If you cast detect magic on this barbarian you will not detect anything - and this can be tested! The barbarian didn't cast a spell, and they could not do so anyway; they have no enchantment upon them, and no enchantment exists upon the weapon to explain this - it is a direct "You're actually playing a video game" world-break that pulls a player out of their immersion in the space to see it and notice it. It's a visible game mechanical element/limitation that's waving itself in your face while you're trying to play the game... and it's doing so constantly.
In short... you're comparing apples and elephants and asking why some people say that one of them fits in the freezer but the other doesn't; it's obvious to the people who point it out, and the only intelligible reason why you aren't seeing the difference seems to be that you personally have never actually put anything in the freezer at all - not really. This may not be the case, and I don't want to presume it is, but it is all I can think of to understand how you came to stand in a position that leads you to even ask a question like that in the first place.
Larian have always struggled with the concept of immersion in space.
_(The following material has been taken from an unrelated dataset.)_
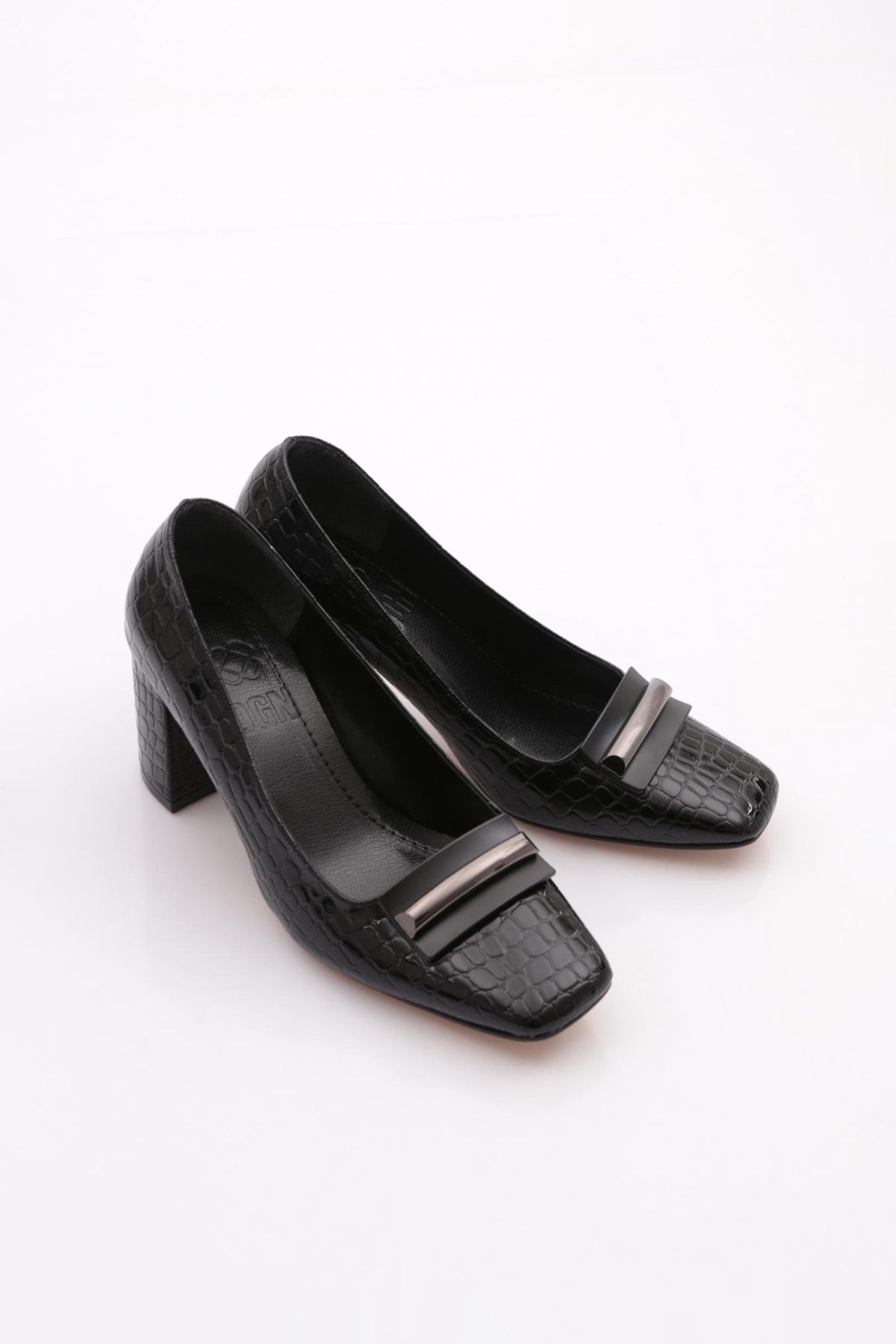 K201 Kadin Topuklu Ayakkabi - Görsel 3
In comments made in interviews about their previous games and in the early days of BG3's development, it seemed almost like they legitimately didn't understand the concept, or why people would find it to be important. They came to grasp that this was something that people wanted and valued, when working on BG3 but still don't actually really seem to understand what it is, what preserves it, and what shatters it... and they also don't really seem to grasp why repeatedly breaking immersion for the sake of 'doing a funny' doesn't leave general immersion intact the rest of the time - it just doesn't, when that's a regular occurrence. They don't understand why being able to "burrow" into a cage that's hanging twenty feet above you in open air is a problem, or why it breaks immersion, or why you should not be able to do that. That's the problem.
All of this is subject to change of course; communication has been precious thin from beginning to end and it's always possible that they've taken time to learn and really begin understanding this concept since their last commentary on the matter... we can but hope.